TASK DIRECTIONS ▸
Quote the listing below in its entirety, omitting every image.

PROVIDED DATA ▸
◆ ◆ ◆ ◆ ◆

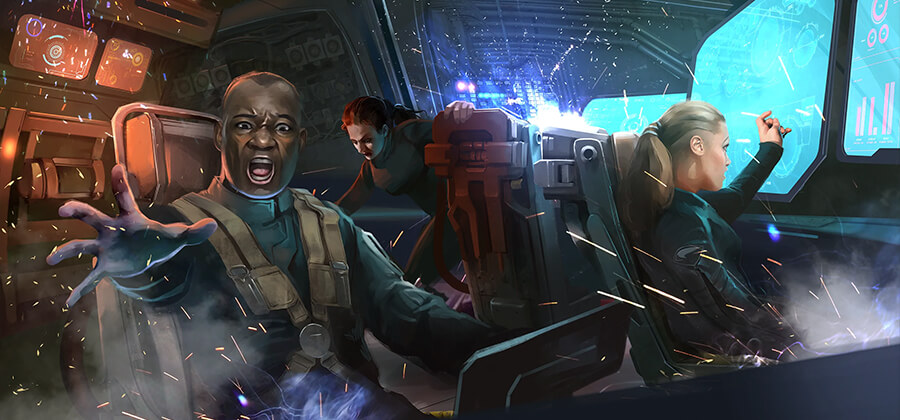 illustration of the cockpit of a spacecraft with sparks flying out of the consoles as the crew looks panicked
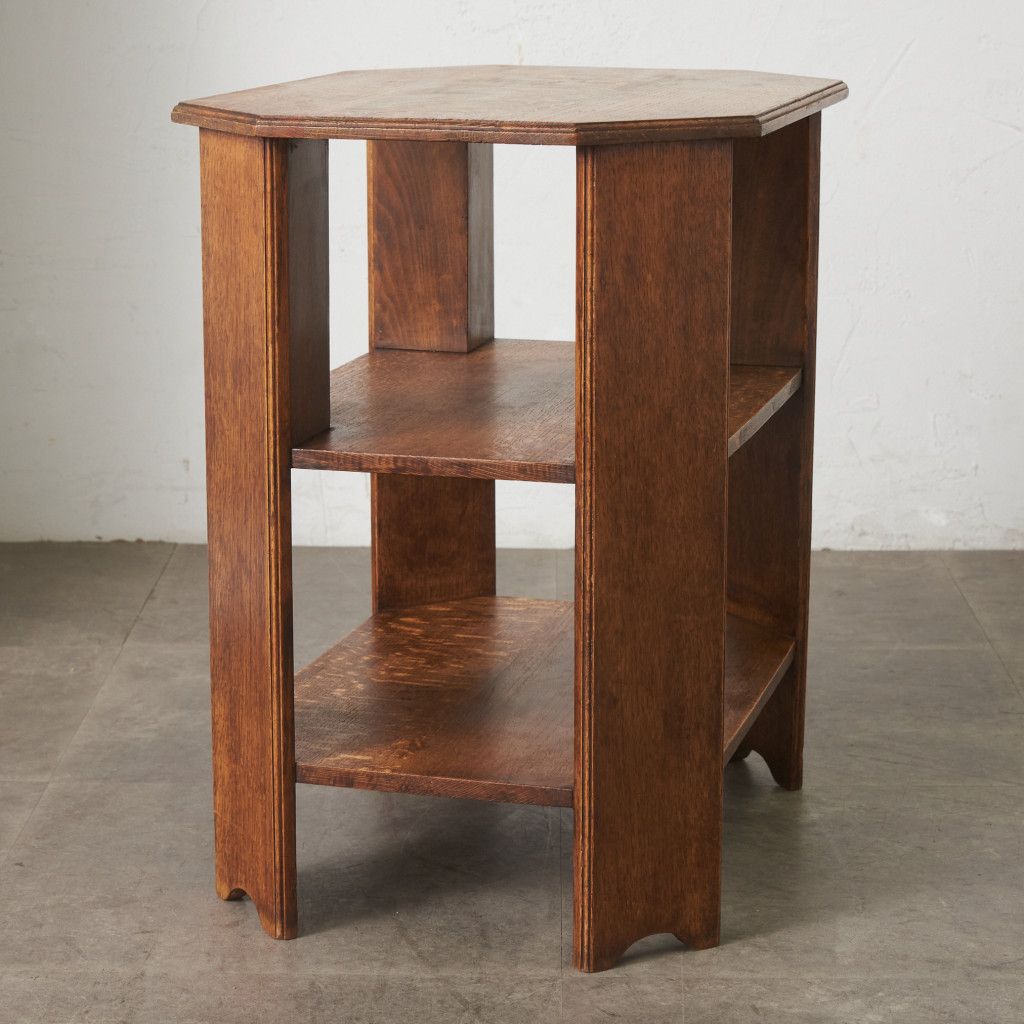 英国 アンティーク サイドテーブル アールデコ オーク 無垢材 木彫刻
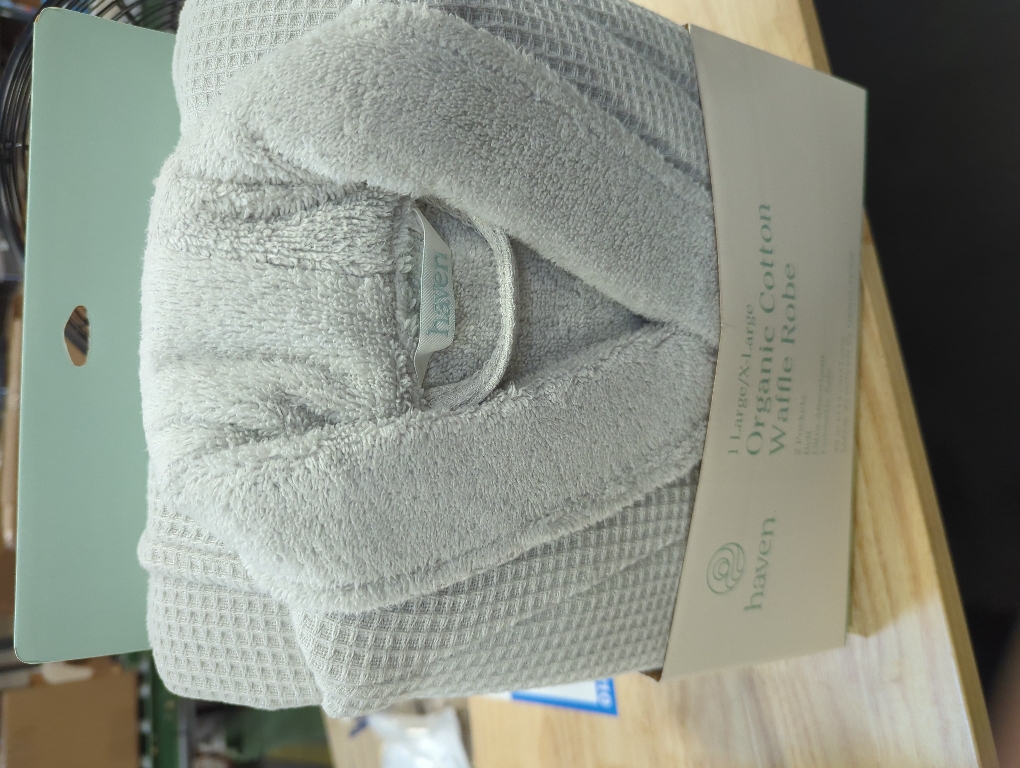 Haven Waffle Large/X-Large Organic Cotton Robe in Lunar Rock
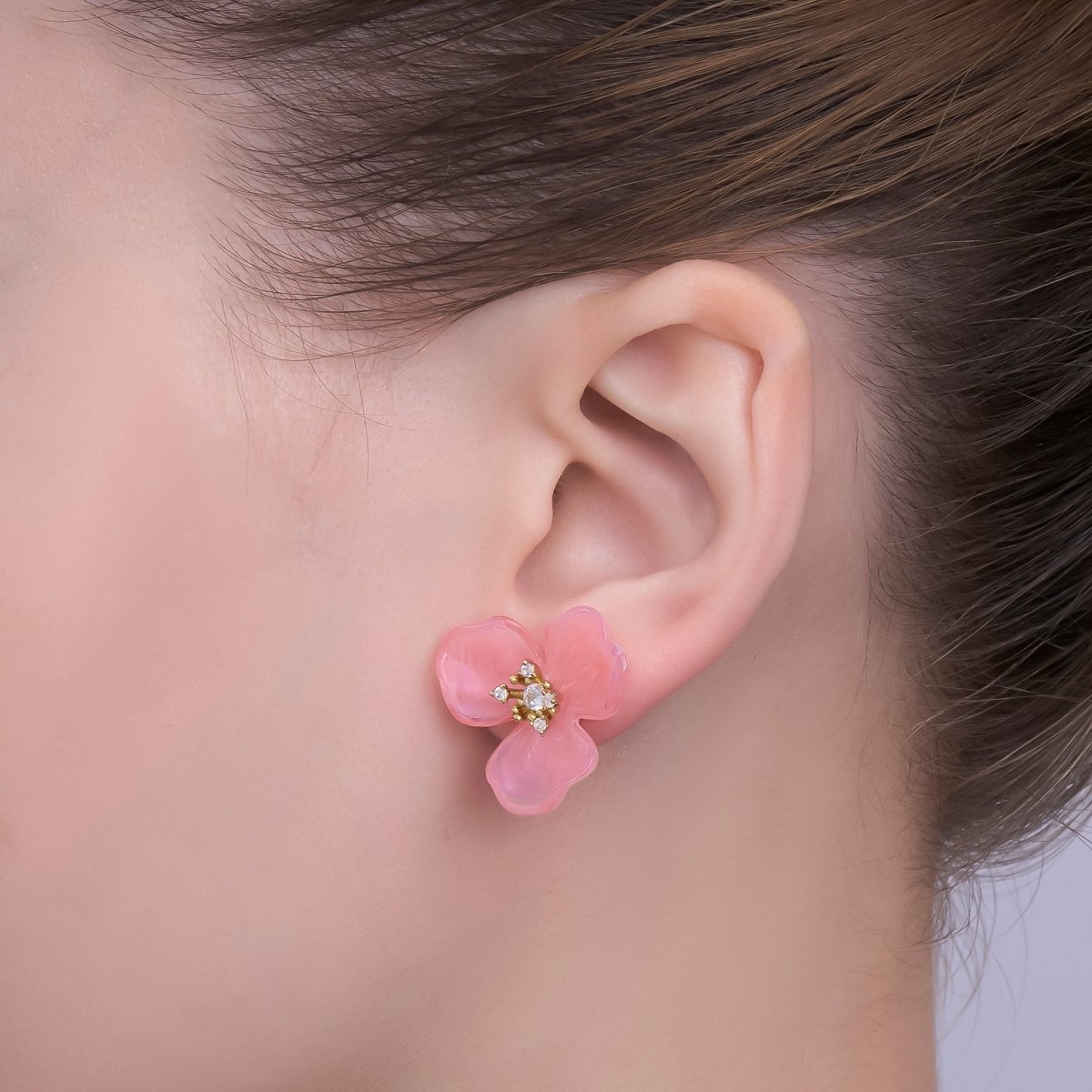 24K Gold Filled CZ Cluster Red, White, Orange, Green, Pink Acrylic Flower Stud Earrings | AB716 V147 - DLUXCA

◆ ◆ ◆ ◆ ◆

SOLUTION TO THE PROBLEM ▸
 illustration of the cockpit of a spacecraft with sparks flying out of the consoles as the crew looks panicked
 英国 アンティーク サイドテーブル アールデコ オーク 無垢材 木彫刻
 Haven Waffle Large/X-Large Organic Cotton Robe in Lunar Rock
 24K Gold Filled CZ Cluster Red, White, Orange, Green, Pink Acrylic Flower Stud Earrings | AB716 V147 - DLUXCA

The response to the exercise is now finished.